Doch auch über das Feiern der Gottesdienste hinaus haben die beiden viel vor, auch wenn sie zunächst tiefstapeln und sagen, 2024 sei vielleicht einfach nochmal ein Jahr des Ankommens. Dafür haben sie allerdings viel auf der Agenda. Im Sommer sei eine Jugendfreizeit in die Toskana geplant, aus einem Mitsing-Workshop im vergangenen Jahr seien zwei eigene Kompositionen mit eigenen Texten entstanden, die grad bei KRD Musik im Tonstudio in Langenholthausen produziert würden. Außerdem solle dem Familiengottesdienst ein Mehrgenerationen-Gottesdienst folgen.

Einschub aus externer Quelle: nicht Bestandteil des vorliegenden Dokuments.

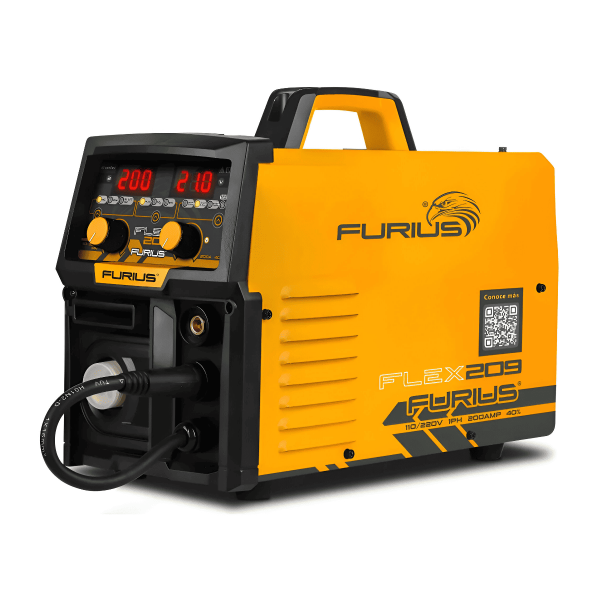 Soldador Flex 209 Furius Fw209 200Amp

Am Ostermontag gäbe es einen besonderen Gottesdienst mit Frühstück und am Pfingstmontag wandere man zum SGV-Wanderheim „Ewald Hagedorn“, kurz: SGV Hütte oberhalb der Balver Höhle um dort gemeinsam Gottesdienst zu halten. Außerdem gäbe es ein Ferienprogramm und eine Musikreihe sei geplant.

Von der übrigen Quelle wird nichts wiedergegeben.